[[ PROVIDED MATERIAL open ]]

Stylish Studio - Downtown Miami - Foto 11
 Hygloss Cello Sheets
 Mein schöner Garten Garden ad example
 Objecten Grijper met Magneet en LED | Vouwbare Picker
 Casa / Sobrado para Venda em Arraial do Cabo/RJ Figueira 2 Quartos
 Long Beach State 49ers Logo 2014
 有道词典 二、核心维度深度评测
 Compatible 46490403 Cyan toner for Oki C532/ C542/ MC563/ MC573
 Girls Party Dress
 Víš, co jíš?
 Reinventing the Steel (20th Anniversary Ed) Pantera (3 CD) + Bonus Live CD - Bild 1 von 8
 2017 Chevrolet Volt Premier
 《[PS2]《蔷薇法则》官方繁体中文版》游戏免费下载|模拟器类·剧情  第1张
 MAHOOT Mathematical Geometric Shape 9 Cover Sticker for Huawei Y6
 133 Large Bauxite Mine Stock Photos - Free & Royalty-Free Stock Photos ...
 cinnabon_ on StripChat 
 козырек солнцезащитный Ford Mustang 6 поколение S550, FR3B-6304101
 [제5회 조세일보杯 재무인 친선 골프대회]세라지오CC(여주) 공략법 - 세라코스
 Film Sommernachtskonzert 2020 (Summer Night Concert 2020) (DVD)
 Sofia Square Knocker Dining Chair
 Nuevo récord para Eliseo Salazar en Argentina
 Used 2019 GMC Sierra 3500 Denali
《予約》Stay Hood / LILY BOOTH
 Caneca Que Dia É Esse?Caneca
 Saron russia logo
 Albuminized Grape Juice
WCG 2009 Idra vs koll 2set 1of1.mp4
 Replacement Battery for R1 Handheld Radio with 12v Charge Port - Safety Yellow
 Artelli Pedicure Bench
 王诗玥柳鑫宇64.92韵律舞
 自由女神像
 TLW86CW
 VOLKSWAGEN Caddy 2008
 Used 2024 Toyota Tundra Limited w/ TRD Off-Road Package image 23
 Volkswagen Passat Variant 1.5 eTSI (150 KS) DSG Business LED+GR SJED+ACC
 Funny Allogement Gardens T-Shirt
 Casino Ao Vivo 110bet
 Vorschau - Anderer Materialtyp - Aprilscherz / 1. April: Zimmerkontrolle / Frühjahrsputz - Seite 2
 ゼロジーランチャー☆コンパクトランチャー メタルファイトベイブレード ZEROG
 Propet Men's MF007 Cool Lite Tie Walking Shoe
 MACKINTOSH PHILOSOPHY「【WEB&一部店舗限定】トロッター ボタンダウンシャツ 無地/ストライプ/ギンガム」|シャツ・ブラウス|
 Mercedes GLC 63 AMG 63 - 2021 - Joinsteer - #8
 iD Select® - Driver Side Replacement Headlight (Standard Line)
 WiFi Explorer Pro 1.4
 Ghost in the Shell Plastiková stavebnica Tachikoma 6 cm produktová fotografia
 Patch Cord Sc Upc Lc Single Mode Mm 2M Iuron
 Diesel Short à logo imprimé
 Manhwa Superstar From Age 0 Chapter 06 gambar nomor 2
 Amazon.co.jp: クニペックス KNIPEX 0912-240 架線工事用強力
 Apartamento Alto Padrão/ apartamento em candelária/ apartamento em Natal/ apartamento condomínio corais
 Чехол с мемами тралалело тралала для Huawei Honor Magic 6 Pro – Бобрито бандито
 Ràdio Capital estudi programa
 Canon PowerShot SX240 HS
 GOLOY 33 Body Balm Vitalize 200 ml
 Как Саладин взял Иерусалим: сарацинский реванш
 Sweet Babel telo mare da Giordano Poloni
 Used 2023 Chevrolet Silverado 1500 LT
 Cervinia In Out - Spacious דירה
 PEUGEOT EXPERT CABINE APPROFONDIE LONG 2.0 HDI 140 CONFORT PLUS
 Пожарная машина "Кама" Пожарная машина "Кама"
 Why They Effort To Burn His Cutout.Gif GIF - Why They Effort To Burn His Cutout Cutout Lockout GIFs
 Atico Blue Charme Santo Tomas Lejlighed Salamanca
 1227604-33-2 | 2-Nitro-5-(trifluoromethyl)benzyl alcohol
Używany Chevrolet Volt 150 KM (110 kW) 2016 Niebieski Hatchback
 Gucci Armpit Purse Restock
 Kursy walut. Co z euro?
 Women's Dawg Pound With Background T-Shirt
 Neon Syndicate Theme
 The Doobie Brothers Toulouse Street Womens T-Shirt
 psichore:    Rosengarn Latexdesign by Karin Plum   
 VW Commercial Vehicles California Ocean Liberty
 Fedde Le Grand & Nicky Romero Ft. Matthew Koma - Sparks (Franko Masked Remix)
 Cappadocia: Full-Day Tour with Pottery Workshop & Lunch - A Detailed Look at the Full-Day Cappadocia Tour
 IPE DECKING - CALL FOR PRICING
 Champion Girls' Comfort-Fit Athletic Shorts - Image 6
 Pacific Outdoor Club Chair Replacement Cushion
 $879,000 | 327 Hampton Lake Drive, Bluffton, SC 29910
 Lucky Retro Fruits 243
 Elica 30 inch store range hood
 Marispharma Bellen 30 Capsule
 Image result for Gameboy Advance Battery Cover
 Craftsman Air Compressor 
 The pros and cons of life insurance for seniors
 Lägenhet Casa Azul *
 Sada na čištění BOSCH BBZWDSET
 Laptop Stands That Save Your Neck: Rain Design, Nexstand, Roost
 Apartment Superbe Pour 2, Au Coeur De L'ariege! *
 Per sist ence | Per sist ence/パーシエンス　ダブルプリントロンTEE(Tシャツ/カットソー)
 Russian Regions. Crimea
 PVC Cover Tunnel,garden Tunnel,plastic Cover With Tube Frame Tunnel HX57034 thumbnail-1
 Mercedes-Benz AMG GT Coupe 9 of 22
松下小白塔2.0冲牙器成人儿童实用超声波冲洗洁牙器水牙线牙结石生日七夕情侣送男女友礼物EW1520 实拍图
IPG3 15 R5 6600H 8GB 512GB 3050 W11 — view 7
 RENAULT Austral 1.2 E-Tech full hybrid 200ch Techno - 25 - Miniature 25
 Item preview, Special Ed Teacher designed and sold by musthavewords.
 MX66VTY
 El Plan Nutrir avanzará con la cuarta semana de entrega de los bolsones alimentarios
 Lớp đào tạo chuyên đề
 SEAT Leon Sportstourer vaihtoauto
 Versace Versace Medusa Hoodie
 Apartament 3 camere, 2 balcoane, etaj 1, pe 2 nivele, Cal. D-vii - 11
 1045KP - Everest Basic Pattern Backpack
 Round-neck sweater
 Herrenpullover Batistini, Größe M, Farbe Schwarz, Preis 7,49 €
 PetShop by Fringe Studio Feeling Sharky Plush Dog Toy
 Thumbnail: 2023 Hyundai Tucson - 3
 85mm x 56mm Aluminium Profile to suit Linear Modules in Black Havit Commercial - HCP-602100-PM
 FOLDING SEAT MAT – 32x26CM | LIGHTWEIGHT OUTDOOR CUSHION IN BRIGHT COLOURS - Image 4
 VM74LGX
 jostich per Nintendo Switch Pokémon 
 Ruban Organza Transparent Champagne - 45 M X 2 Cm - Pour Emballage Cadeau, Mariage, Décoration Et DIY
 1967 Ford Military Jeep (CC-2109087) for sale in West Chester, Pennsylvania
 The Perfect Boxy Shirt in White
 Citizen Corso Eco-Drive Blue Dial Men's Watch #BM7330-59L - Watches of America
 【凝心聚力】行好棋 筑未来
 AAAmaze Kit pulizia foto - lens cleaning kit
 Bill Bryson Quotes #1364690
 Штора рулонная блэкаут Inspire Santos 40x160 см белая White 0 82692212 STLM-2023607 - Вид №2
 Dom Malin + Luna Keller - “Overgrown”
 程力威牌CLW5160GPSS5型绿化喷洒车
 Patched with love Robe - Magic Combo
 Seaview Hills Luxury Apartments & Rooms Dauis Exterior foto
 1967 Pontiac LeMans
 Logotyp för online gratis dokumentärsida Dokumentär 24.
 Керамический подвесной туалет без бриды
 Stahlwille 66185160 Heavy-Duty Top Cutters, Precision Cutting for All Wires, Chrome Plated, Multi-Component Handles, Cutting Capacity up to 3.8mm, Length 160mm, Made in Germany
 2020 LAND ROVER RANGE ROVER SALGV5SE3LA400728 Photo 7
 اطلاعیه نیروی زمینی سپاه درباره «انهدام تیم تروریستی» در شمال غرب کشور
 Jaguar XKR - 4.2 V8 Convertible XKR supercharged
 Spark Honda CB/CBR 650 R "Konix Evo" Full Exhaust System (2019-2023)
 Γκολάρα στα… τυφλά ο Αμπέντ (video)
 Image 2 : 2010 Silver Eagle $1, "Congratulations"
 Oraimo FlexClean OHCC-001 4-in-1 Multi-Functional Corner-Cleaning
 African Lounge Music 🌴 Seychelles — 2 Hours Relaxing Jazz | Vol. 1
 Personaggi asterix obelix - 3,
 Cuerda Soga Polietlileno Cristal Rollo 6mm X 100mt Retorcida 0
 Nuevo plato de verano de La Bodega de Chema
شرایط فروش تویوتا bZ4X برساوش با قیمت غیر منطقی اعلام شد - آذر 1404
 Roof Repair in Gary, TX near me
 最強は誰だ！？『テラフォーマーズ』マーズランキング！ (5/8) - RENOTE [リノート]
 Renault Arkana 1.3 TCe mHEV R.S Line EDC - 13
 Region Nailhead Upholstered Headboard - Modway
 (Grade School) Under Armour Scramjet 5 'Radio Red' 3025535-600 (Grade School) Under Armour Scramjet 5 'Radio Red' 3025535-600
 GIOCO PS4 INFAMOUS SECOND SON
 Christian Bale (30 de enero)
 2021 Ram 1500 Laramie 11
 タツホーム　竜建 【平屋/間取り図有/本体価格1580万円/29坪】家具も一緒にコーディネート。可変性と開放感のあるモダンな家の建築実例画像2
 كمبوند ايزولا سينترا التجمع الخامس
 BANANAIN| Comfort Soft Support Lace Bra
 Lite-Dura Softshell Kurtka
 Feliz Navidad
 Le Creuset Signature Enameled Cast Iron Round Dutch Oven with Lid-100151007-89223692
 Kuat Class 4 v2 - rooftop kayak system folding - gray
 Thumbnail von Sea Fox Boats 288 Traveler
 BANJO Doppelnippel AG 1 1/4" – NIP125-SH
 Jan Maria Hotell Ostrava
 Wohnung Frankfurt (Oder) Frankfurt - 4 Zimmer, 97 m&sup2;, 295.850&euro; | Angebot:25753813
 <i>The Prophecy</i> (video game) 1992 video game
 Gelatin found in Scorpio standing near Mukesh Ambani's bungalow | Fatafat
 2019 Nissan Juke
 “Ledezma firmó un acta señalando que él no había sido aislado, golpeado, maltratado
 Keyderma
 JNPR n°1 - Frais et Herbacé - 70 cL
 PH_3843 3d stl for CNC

[[ PROVIDED MATERIAL closed ]]

There is a line with "اطلاعیه نیروی زمینی" and a line with "Image 2 : 2010" above. Copy exactly those two lines and all lines between them, with nothing else.

• WRITTEN SOLUTION
 اطلاعیه نیروی زمینی سپاه درباره «انهدام تیم تروریستی» در شمال غرب کشور
 Jaguar XKR - 4.2 V8 Convertible XKR supercharged
 Spark Honda CB/CBR 650 R "Konix Evo" Full Exhaust System (2019-2023)
 Γκολάρα στα… τυφλά ο Αμπέντ (video)
 Image 2 : 2010 Silver Eagle $1, "Congratulations"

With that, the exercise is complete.